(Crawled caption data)
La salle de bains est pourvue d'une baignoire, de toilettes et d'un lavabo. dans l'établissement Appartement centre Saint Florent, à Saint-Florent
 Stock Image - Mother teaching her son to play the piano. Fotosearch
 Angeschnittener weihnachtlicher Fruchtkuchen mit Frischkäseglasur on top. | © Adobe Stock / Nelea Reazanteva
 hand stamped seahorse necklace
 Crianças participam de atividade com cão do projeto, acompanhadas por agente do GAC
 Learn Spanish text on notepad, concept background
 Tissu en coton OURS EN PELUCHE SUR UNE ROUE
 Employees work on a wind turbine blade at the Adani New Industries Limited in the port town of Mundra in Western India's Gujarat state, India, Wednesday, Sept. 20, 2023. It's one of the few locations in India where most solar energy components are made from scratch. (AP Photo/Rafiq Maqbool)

Task: Transcribe each of the records above exactly.

Answer to this problem:
La salle de bains est pourvue d'une baignoire, de toilettes et d'un lavabo. dans l'établissement Appartement centre Saint Florent, à Saint-Florent
 Stock Image - Mother teaching her son to play the piano. Fotosearch
 Angeschnittener weihnachtlicher Fruchtkuchen mit Frischkäseglasur on top. | © Adobe Stock / Nelea Reazanteva
 hand stamped seahorse necklace
 Crianças participam de atividade com cão do projeto, acompanhadas por agente do GAC
 Learn Spanish text on notepad, concept background
 Tissu en coton OURS EN PELUCHE SUR UNE ROUE
 Employees work on a wind turbine blade at the Adani New Industries Limited in the port town of Mundra in Western India's Gujarat state, India, Wednesday, Sept. 20, 2023. It's one of the few locations in India where most solar energy components are made from scratch. (AP Photo/Rafiq Maqbool)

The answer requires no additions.